Exercise details
For the records below, print the lines from the line with "Sculpey III Polymer" through the line with "Vibrant Floral with" exactly as written; include both end lines and exclude the rest.
*** Opening Available records ***
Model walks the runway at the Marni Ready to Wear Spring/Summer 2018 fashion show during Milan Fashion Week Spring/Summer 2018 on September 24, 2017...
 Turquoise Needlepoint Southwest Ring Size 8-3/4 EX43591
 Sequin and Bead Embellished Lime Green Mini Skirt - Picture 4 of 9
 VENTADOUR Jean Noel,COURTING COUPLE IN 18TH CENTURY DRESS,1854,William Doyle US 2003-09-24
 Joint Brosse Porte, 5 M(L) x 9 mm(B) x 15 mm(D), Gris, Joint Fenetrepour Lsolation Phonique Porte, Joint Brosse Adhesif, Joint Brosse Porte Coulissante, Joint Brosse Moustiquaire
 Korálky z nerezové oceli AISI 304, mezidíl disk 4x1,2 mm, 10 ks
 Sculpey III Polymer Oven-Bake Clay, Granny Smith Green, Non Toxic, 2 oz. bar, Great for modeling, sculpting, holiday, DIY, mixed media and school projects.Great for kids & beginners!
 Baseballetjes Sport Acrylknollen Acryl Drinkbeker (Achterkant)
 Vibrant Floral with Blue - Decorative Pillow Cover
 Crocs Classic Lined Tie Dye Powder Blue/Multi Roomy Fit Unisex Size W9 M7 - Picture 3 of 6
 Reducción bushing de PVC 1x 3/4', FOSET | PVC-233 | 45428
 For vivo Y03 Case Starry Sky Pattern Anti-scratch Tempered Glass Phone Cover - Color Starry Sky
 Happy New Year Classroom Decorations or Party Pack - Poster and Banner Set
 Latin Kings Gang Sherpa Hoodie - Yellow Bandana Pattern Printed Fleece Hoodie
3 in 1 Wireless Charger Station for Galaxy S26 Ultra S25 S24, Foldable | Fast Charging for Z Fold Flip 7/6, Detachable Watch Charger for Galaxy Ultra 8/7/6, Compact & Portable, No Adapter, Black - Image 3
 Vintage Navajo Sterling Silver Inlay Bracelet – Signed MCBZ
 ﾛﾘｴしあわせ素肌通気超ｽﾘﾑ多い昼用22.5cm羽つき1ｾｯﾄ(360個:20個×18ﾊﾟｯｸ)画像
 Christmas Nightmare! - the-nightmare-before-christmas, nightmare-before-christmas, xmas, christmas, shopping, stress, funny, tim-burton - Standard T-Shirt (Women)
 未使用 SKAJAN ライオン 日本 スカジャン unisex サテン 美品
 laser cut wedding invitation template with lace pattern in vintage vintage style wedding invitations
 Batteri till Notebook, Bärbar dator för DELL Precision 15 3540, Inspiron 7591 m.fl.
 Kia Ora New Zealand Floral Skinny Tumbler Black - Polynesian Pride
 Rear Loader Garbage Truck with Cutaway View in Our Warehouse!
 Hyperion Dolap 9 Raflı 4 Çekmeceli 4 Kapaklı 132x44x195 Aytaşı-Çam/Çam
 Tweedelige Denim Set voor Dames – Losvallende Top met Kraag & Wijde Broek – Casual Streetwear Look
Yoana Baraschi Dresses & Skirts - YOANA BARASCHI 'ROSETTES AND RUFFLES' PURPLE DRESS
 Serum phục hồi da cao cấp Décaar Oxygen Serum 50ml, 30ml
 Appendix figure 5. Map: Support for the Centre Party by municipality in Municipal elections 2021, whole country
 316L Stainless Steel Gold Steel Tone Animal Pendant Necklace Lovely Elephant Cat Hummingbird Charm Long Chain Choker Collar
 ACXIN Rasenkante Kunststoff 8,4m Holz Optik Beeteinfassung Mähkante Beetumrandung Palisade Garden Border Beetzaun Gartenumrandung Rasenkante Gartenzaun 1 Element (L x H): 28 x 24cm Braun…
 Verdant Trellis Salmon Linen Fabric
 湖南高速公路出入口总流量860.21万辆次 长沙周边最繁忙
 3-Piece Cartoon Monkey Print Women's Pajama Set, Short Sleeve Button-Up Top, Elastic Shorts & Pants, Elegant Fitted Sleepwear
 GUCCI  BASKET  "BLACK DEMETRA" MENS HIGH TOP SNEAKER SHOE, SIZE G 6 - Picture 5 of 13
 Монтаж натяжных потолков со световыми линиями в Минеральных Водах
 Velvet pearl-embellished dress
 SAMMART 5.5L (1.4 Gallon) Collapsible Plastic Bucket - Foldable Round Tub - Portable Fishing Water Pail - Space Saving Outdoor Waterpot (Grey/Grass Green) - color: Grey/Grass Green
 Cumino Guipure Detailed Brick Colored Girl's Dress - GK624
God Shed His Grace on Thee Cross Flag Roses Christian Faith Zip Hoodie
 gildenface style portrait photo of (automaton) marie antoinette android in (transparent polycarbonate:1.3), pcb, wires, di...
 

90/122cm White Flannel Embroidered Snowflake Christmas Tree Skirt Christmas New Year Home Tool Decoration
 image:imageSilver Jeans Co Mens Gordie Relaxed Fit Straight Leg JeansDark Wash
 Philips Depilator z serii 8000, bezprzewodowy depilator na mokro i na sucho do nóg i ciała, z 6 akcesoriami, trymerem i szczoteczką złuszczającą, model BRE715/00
*** Closing Available records ***
Task response
 Sculpey III Polymer Oven-Bake Clay, Granny Smith Green, Non Toxic, 2 oz. bar, Great for modeling, sculpting, holiday, DIY, mixed media and school projects.Great for kids & beginners!
 Baseballetjes Sport Acrylknollen Acryl Drinkbeker (Achterkant)
 Vibrant Floral with Blue - Decorative Pillow Cover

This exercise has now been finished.